Lasagna, Chicken, and Lemon Cake

Hubby and I were adventurous last weekend and tried out two Cooking Light recipes – Basil and Zucchini Lasagna and Asian Barbecue Chicken.


This was our first time making lasagna from scratch. The food processor came in handy, and Hubby liked pouring the various layers into the baking pan. He even said that making the lasagna together was “fun” (and he’s never said before that about cooking)! The best part? We loved how it tasted! In the past, we used to buy frozen lasagna, but we thought they were very salty and had too much sauce. So after a number of disappointing experiences, we quit buying lasagna altogether. This recipe had exactly what we liked. I made a couple of mods — I threw in mushrooms because I thought zucchini by itself was a little boring, and I also used tomato sauce instead of pasta sauce simply because I didn’t read the directions carefully enough. But all in all – a success!

I selected the Asian Barbecue Chicken recipe because I wanted to test our Foreman grill. As you can see from the photo, the chicken breasts are way overcooked and are on the verge of becoming chicken jerky…but they still had a yummy flavor. The crushed red pepper flakes added a nice kick. The only downside? Cleaning the grill. The grill plates are not removable, and the entire thing isn’t supposed to be immersed in water. We scrubbed it with wet paper towels and then Hubby held it over the sink while I soaped it. Talk about a pain. But I would definitely use this marinade recipe again.

This week, I baked a Lemon Cake (a Barefoot Contessa recipe).


Instead of describing what happened, I think I’ll just list what I learned in the process.

1. My arm is totally weak. After grating the zest of two lemons and then juicing four lemons, my arm wasn’t up for holding the hand mixer for five minutes to cream the butter and sugar. I need a stand mixer.
2. If a recipe calls for grating zest, juicing lemons, using three mixing bowls plus a saucepan, pouring syrup on the cake after it comes out of the oven, and then letting the cake cool down completely before adding icing, then the recipe wasn’t meant for a slowpoke like me to make after dinner on a work night.
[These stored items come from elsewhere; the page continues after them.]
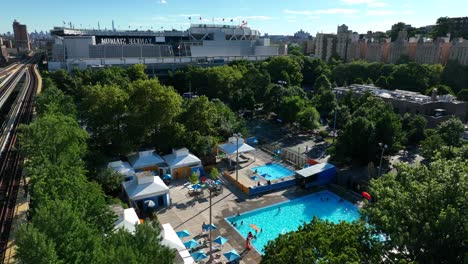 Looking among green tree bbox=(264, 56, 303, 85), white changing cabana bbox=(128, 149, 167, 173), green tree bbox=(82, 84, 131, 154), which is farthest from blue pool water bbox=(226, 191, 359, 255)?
green tree bbox=(264, 56, 303, 85)

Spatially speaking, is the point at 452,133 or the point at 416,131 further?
the point at 416,131

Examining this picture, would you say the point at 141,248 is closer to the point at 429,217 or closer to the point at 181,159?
the point at 429,217

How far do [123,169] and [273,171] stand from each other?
1727cm

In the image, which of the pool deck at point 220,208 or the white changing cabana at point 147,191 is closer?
the pool deck at point 220,208

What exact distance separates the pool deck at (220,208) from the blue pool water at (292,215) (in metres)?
0.77

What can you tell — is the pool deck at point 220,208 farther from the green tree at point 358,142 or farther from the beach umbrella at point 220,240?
the green tree at point 358,142

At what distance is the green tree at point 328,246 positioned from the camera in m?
13.2

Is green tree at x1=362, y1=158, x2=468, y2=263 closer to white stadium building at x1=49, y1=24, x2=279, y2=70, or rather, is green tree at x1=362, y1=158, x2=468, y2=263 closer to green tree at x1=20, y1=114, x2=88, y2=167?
green tree at x1=20, y1=114, x2=88, y2=167

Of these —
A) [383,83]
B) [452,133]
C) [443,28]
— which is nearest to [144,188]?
[452,133]

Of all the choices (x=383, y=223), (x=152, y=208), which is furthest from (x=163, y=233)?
(x=383, y=223)

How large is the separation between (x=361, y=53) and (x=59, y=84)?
100 meters

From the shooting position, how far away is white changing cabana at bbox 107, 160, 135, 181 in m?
33.5

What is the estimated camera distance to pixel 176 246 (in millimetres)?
21969

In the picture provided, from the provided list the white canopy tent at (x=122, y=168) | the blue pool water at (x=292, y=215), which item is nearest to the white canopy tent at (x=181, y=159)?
the white canopy tent at (x=122, y=168)
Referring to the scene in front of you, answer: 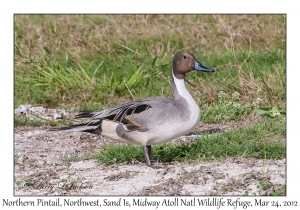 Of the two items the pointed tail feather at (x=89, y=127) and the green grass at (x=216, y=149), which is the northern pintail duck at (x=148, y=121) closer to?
the pointed tail feather at (x=89, y=127)

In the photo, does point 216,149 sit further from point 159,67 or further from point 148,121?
point 159,67

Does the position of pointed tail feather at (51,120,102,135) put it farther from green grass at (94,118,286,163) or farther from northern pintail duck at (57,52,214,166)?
green grass at (94,118,286,163)

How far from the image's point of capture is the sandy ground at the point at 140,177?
5.13 m

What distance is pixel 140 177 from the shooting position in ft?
18.0

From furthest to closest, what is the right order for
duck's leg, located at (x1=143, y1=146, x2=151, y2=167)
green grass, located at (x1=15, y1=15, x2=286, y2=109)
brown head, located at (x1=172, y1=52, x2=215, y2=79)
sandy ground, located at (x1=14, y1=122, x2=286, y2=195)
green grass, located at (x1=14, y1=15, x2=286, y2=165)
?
1. green grass, located at (x1=15, y1=15, x2=286, y2=109)
2. green grass, located at (x1=14, y1=15, x2=286, y2=165)
3. brown head, located at (x1=172, y1=52, x2=215, y2=79)
4. duck's leg, located at (x1=143, y1=146, x2=151, y2=167)
5. sandy ground, located at (x1=14, y1=122, x2=286, y2=195)

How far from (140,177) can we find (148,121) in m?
0.46

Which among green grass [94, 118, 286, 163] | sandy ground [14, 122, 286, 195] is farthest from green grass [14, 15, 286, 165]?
sandy ground [14, 122, 286, 195]

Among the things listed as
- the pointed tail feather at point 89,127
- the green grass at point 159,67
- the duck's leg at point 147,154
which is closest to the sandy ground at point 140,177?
the duck's leg at point 147,154

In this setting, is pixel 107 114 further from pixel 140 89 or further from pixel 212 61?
pixel 212 61

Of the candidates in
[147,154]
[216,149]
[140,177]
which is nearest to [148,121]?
[147,154]

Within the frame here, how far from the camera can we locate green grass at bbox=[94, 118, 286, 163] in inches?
228

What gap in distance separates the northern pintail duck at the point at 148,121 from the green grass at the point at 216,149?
0.24 m

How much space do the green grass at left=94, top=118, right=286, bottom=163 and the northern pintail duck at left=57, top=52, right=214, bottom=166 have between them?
0.24 m
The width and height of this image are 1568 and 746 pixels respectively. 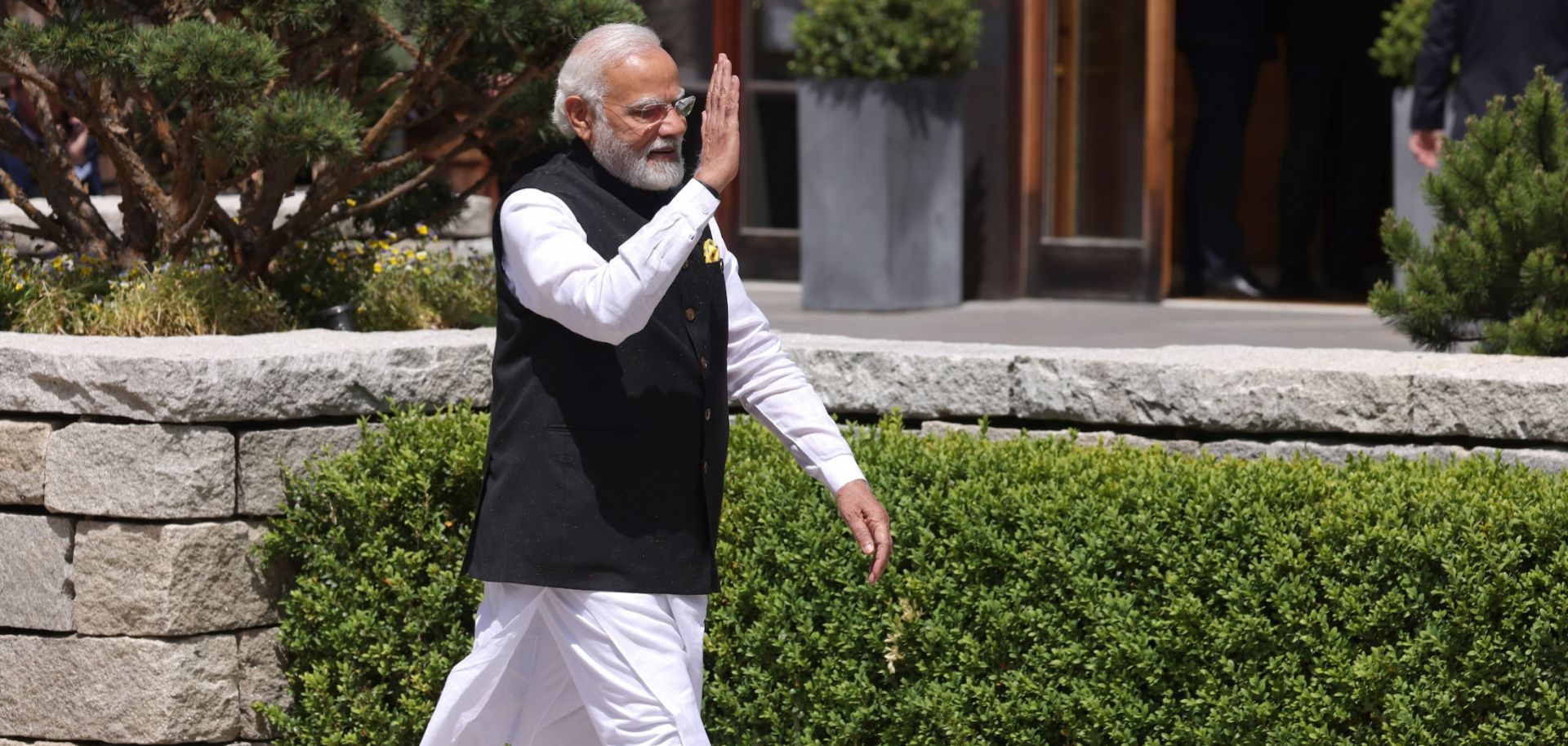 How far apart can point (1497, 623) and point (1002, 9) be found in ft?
23.1

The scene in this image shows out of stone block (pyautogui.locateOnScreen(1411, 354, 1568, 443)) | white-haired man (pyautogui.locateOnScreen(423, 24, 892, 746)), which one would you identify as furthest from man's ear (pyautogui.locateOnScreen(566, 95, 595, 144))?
stone block (pyautogui.locateOnScreen(1411, 354, 1568, 443))

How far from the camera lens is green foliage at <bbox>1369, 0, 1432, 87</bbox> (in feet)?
31.8

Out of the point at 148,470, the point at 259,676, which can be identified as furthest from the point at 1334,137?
the point at 148,470

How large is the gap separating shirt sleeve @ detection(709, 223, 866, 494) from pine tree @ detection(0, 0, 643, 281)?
1.97 metres

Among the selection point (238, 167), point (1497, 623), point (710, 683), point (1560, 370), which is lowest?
point (710, 683)

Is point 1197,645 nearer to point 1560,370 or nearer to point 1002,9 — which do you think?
point 1560,370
Because by the time I finished washing the dishes and took the cake out of the oven, it was bedtime. I left the syrup and the icing for the following evening.
3. I am terrible at reading directions. If the ingredients list shows 2.5 cups of sugar, and the instructions tell you to mix 2 cups of sugar with something else, I shouldn’t assume that the author just forgot to mention the remaining ½ cup. Because she didn’t. The half cup was supposed to be saved for the lemon syrup. Whoops…did I just add 25% more sugar than instructed? Sigh.
4. When my husband suggests that perhaps I should skip the lemon syrup and go directly to the icing, it might be a good idea to listen to him. After doing both steps, I decided that the lemon syrup was unnecessary. The icing has lemon juice in it and is plenty sweet.
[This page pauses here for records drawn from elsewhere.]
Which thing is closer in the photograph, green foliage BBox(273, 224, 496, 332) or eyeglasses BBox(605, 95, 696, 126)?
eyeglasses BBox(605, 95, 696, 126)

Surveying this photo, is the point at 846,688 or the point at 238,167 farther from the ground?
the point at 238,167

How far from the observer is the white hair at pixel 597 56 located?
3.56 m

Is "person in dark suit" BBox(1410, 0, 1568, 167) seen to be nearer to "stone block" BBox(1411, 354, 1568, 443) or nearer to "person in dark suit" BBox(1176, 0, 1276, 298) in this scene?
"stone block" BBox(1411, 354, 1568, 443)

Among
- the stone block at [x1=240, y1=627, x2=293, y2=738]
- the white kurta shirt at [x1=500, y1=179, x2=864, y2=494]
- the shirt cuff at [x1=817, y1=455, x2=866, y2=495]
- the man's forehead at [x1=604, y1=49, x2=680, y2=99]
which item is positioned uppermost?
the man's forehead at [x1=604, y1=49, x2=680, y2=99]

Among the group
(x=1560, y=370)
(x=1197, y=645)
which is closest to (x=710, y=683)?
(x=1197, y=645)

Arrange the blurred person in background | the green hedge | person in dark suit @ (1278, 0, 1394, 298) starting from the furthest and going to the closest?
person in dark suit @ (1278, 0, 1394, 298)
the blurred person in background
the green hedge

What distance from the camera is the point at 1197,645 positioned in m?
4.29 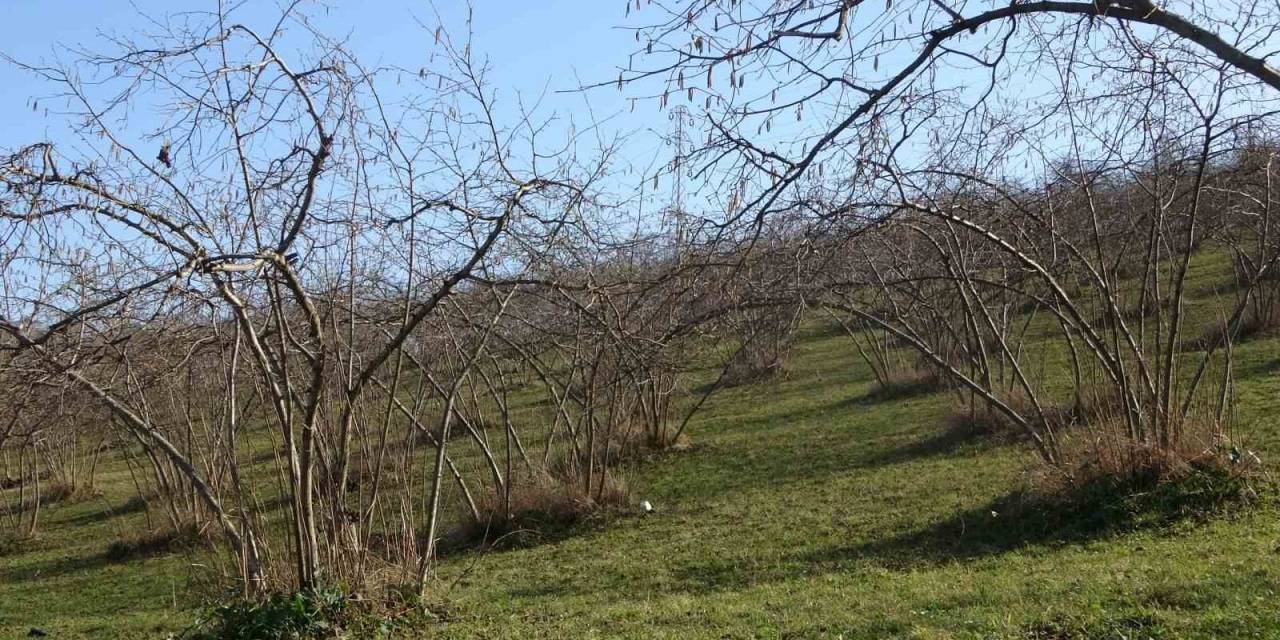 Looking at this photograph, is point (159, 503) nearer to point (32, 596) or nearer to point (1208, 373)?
point (32, 596)

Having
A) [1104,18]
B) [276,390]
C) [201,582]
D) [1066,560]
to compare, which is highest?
[1104,18]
Overall, the lemon cake turned out so-so. It didn’t taste too bad even with the sugar overload – it was a just a bit dry. I’m thinking that maybe I’m not clicking with the BC dessert recipes. Anybody want to recommend a good cookbook for sweets? I’m considering Williams-Sonoma Desserts. But first, I want to try a low-fat banana bread recipe and make butterscotch cookies for Hubby.

Hope you have a great day with some yummy food!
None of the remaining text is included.